▸ **Work task**:
In the entries below, which lines run from the one with "Pferdesprüche - Stoffbeutel - Schwarz" through the one with "gotonovo Shower Hose"? Repeat exactly those, both included, and no pictures.

[Opening Records for this exercise section]

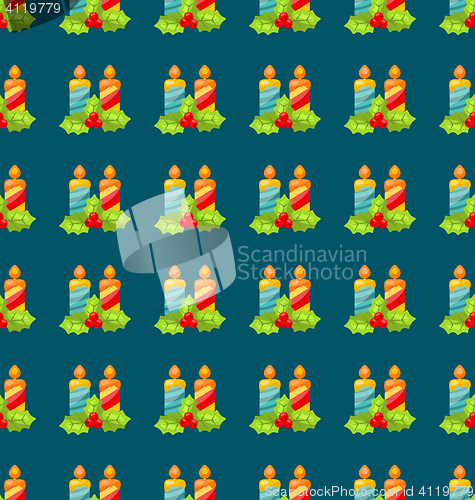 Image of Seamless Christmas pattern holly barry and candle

[Closing Records for this exercise section]
[Opening Records for this exercise section]

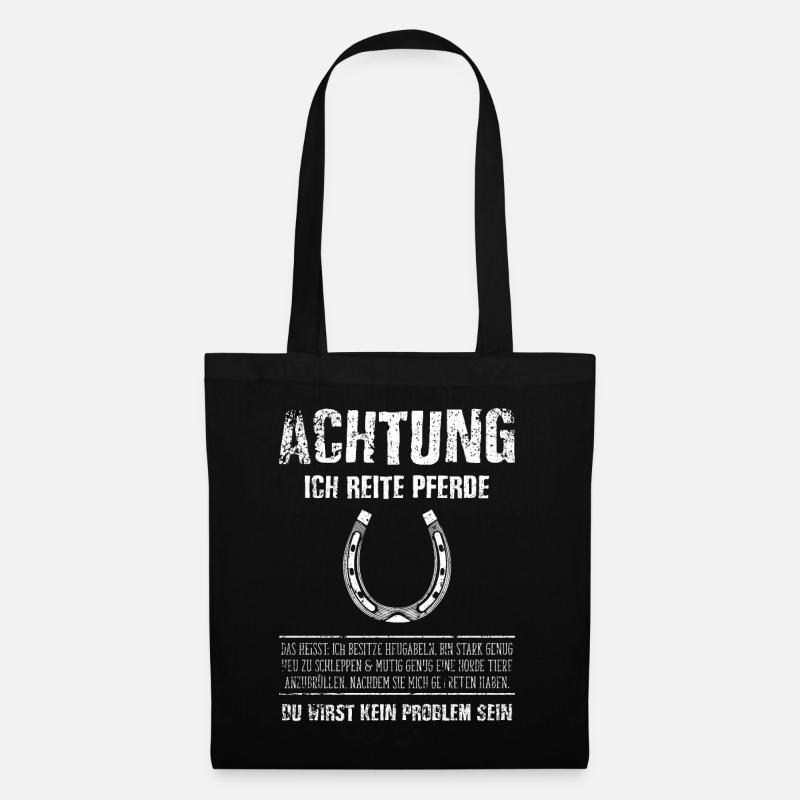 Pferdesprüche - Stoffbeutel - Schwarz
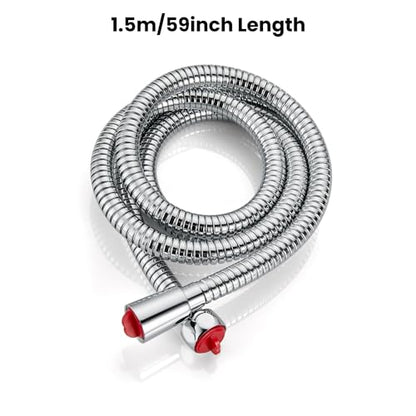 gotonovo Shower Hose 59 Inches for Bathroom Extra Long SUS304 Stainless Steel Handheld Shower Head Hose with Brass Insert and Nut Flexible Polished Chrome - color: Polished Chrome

[Closing Records for this exercise section]
[Opening Records for this exercise section]

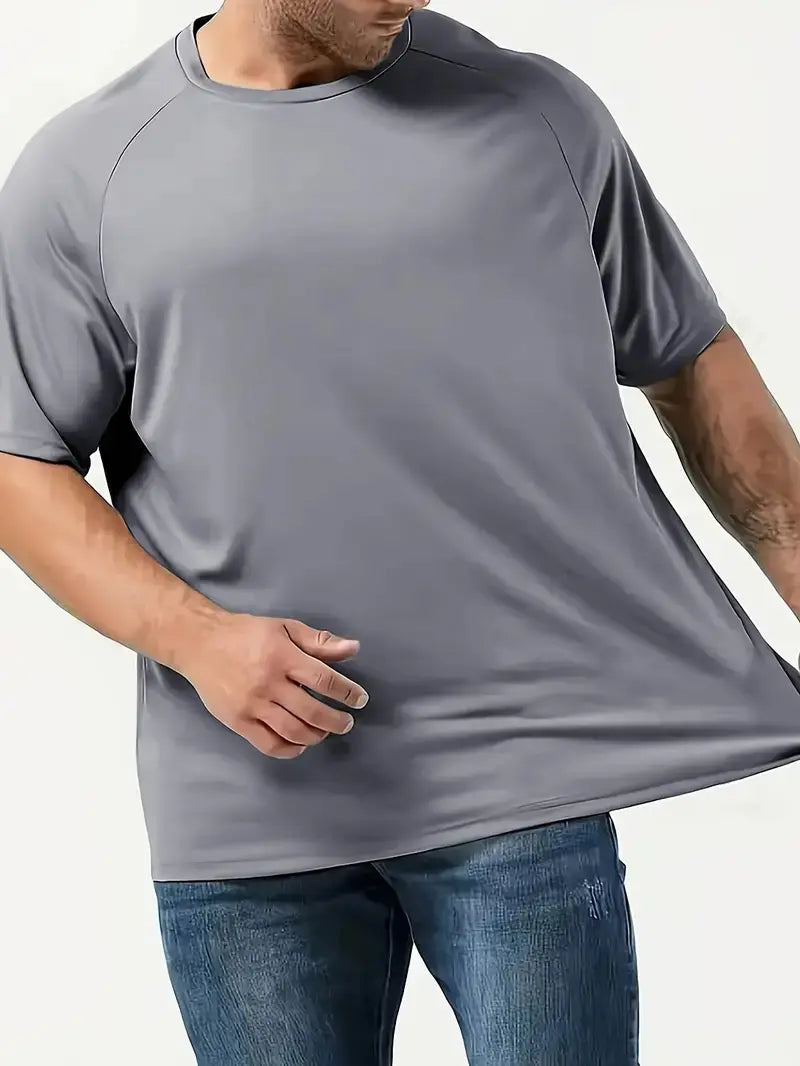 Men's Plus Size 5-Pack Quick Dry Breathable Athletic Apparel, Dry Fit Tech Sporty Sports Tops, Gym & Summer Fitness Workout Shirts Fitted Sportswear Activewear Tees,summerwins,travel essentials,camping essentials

[Closing Records for this exercise section]

▸ **Expected answer**:
 Pferdesprüche - Stoffbeutel - Schwarz
 gotonovo Shower Hose 59 Inches for Bathroom Extra Long SUS304 Stainless Steel Handheld Shower Head Hose with Brass Insert and Nut Flexible Polished Chrome - color: Polished Chrome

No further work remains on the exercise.